┌──
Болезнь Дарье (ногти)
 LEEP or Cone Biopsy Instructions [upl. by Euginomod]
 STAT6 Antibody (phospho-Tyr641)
└──
▶ Exercise goal
Restate the entire listing verbatim.

▶ Result below
Болезнь Дарье (ногти)
 LEEP or Cone Biopsy Instructions [upl. by Euginomod]
 STAT6 Antibody (phospho-Tyr641)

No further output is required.